In basketball, a three-point field goal (also known as a "3-pointer") is a field goal made from beyond the 3-point line, a designated arc radiating from the basket. A successful attempt is worth 3 points, in contrast to the two points awarded for shots made inside the 3-point line. The National Basketball Association's (NBA) three-point scoring title is the player who recorded the most 3-point field goals in a given season. The statistics was first recognized in the 1979–80 NBA season, when the 3-point line was first implemented.

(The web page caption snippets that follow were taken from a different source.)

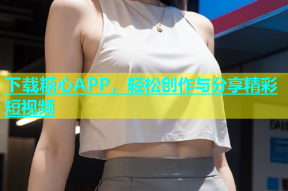下载糖心APP，轻松创作与分享精彩短视频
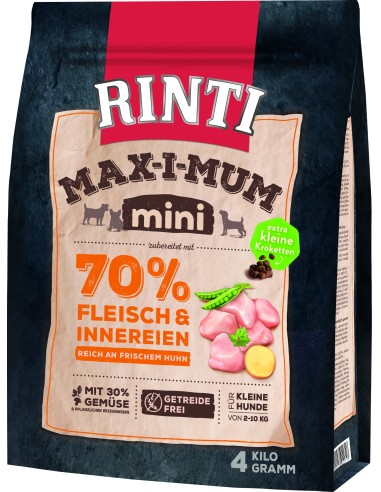 Rinti Max-i-mum Mini Huhn 4kg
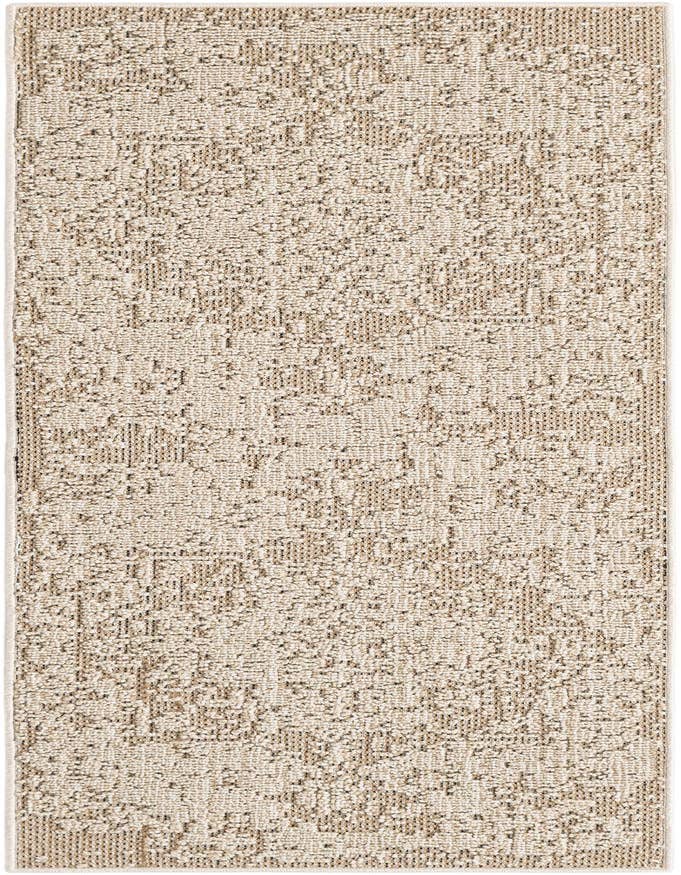 Detail image of 2' x 6' 1 Easy-Clean Traditional Indoor / Outdoor Runner Rug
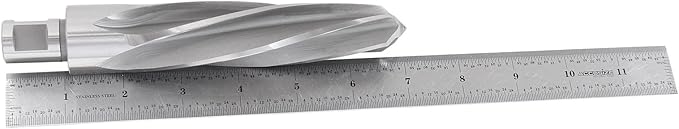 Accusize Industrial Tools 1-3/16'' H.S.S. Aligning Reamer with 3/4'' / 0.75'' Weldon Shank, Spiral Flute, 0521-1316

Stephen Curry holds the record for most 3-point field goals made in single season (402) and 3-point field goal percentage in single season (.4537), accomplishing both in the 2015–16 season. James Harden holds the record for most 3-point field goals attempted in single season (1,028) which was accomplished in 2018–19 NBA season.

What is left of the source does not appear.